# [Activity]
Repeat exactly the lines below that lie between the line with "PUERTA TRASERA DERECHA CARGA 901005575R" and the line with "Air Jordan 4 Retro 'Georgetown' - Prime Reps", counting both of those lines as part of the answer.

# [Records for this task]
----

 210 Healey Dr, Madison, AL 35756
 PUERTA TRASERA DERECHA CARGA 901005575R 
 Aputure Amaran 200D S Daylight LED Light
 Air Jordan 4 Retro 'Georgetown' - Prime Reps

----

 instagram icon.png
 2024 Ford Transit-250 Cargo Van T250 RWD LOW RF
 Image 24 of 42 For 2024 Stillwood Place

----

# [Answer section]
 PUERTA TRASERA DERECHA CARGA 901005575R 
 Aputure Amaran 200D S Daylight LED Light
 Air Jordan 4 Retro 'Georgetown' - Prime Reps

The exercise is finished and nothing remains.